--- TASK TO CARRY OUT ---
An exact transcript of all the records is the expected answer.

INPUT DATA Start Marker

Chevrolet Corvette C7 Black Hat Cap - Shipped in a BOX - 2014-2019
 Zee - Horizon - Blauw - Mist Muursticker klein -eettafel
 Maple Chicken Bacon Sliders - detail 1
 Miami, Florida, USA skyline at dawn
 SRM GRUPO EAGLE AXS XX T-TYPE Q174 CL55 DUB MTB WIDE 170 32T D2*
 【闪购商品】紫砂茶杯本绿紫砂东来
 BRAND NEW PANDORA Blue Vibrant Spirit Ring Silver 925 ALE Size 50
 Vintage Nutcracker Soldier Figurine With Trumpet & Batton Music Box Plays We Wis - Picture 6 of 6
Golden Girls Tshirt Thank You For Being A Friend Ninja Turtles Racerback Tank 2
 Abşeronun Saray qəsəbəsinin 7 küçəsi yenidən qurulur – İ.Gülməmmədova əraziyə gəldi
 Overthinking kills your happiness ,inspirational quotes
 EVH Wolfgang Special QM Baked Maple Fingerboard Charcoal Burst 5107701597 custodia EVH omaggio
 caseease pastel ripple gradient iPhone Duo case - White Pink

INPUT DATA End Marker

--- EXPECTED ANSWER ---
Chevrolet Corvette C7 Black Hat Cap - Shipped in a BOX - 2014-2019
 Zee - Horizon - Blauw - Mist Muursticker klein -eettafel
 Maple Chicken Bacon Sliders - detail 1
 Miami, Florida, USA skyline at dawn
 SRM GRUPO EAGLE AXS XX T-TYPE Q174 CL55 DUB MTB WIDE 170 32T D2*
 【闪购商品】紫砂茶杯本绿紫砂东来
 BRAND NEW PANDORA Blue Vibrant Spirit Ring Silver 925 ALE Size 50
 Vintage Nutcracker Soldier Figurine With Trumpet & Batton Music Box Plays We Wis - Picture 6 of 6
Golden Girls Tshirt Thank You For Being A Friend Ninja Turtles Racerback Tank 2
 Abşeronun Saray qəsəbəsinin 7 küçəsi yenidən qurulur – İ.Gülməmmədova əraziyə gəldi
 Overthinking kills your happiness ,inspirational quotes
 EVH Wolfgang Special QM Baked Maple Fingerboard Charcoal Burst 5107701597 custodia EVH omaggio
 caseease pastel ripple gradient iPhone Duo case - White Pink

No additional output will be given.